CS 3540 Session 23

Session 23
The Finite Function ADT

Random Thoughts On the Way to Class

Many of the lists we work with in programming are, in principle, very long or even infinite. The log output from a web server will grow as long as we let it grow, beyond any fixed limit. So will the stream of Instagram posts we see. The number of digits of pi is infinite. So is the list of integers, the list of even numbers, and the list of prime numbers.

Yet, when we model these ideas in our programs, we usually stuff them into data structures with fixed limits on their size.

In general, we like for our programs to model things in the world as faithfully as possible. It would be more faithful if we could model a web server's log or a stream of tweets or a list of integers as unbounded in length.

We need an infinite data structure.

An Opening Exercise

So I ask you:

a screenshot of a windowed OS monitor whose window contains the same image, recursively as far as the eye can see — Windows all the way down...
Welcome to the Matrix.

Devise a way to implement an infinite list data type in Racket.

The API for an infinite list consists of three functions:

The constructor INFINITE-LIST takes some arguments and creates an infinite list.
The access procedure FIRST takes an infinite list as an argument and returns the first member of the list.
The access procedure REST takes an infinite list as an argument and returns the rest of the list.

We want to be able to take the rest of an infinite list as many times as we like — 1 or 100 or one million — and still be able to have an infinite list of numbers left.

For example:

> (define evens (infinite-list ...))
> (first evens)
0
> (first (rest evens))
2
> (first (rest (rest evens)))
4
> (first (rest (rest (rest evens))))
6
> (first ((skip 7) evens))          ; (skip n) calls rest n times for me
14
> (first ((skip 1278714) evens))
2557428

Hint 1: Use an inductive definition.

We have used inductive definitions to describe infinite sets of values in the past. For example, the set of non-negative integers can be defined as:

0 is in the set.
If n is in the set, then n + 1 is in the set.

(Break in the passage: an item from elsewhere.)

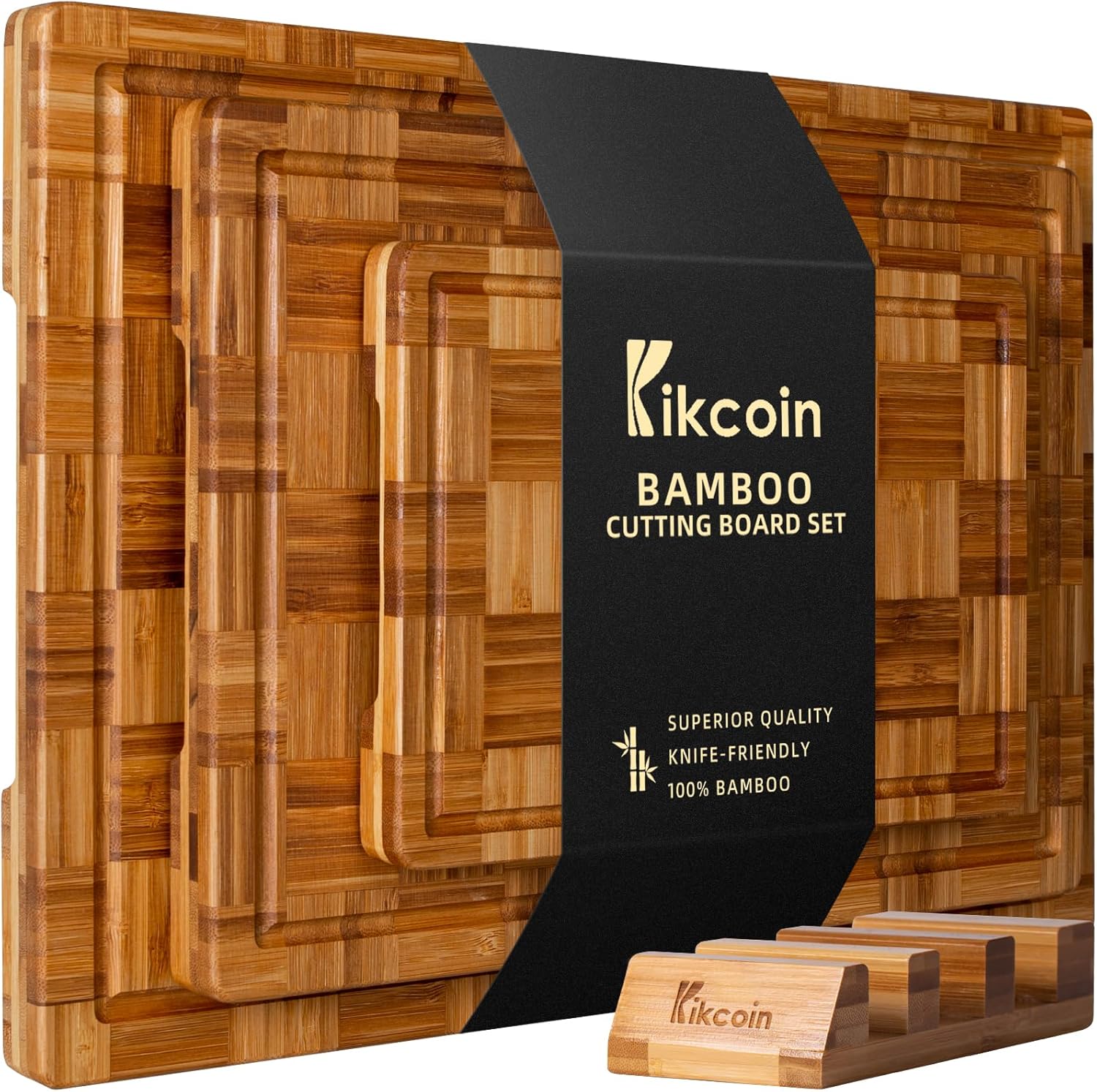 Extra Large Bamboo Cutting Board Set of Three with Groove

Those correspond to zero and succ in the API for the integers we saw last time. Can you use this idea in your code?

Hint 2: Use a function to represent data.

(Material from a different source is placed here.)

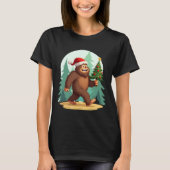 Bigfoot Christmas Tree Santa Hat (2) T-Shirt (Vorderseite)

The inductive part of the definition in Hint 1 looks a bit like a function. Last time, we saw that we could implement a data value using a function. Can you use this idea in your code?

Infinite List as Data Abstraction

Infinite lists are not a primitive type in Racket, but we can implement them as a data abstraction. We might try any of the implementation styles we saw last session while implementing the pair ADT, but I think that we'll need to use a functional abstraction of some sort for an infinite list. Obviously, we can't store an infinite number of values. But if, instead, an infinite list knew how to generate the rest of its values, we might be able to implement an infinite list in a finite piece of code!

How about if we use the idea of an inductive definition to model an infinite list as a pair? After all, a list is a pair whose cdr is a list. The pair will contain:

a number k that is in the set, and
a function that uses k to generate the next member of the set.

Check out this solution to see one implementation. The hard work implementing this data type comes in the rest function, which has to compute the next value in the list and assemble a new integer/function pair.

That file also shows how we can generalize the take function to work with infinite lists. (My skip function does something similar to what drop does for regular lists.)

Spend a couple of minutes looking at how take-using uses letrec to create and return a recursive function. This is a handy programming pattern.

We can treat functions as data... We can implement data using functions... I hope that you are beginning to see a pattern emerge. The idea is powerful.

By the way, in some languages, such as Haskell, the infinite list is a language primitive! Consider:

[1..]               defines the list of positive integers
[1,3..]             defines the list of odd integers
filter odd [1..]    also defines the list of odd integers

Haskell accomplishes this and many other cool things by being lazy: it does not evaluate arguments passed to functions until they are used. Clojure, a language that looks a lot like Racket, has a macro facility for lazy sequences. We could do the same thing in Racket by creating new syntax for a data abstraction.

Python provides an operator called yield that enables us to create "generator" functions of the sort I cobbled together for infinite lists. Ruby and many other languages provide yield or something similar. Racket defines a lambda-like operator for generators in its racket/generator library. If you'd like to see how these work, check out this Python example and this Racket example.

Data Abstraction

As you undoubtedly learned in your data structures course, data abstraction plays an important role in the construction of maintainable, correct code. There are at least two reasons for the benefits of an abstract data type (ADT).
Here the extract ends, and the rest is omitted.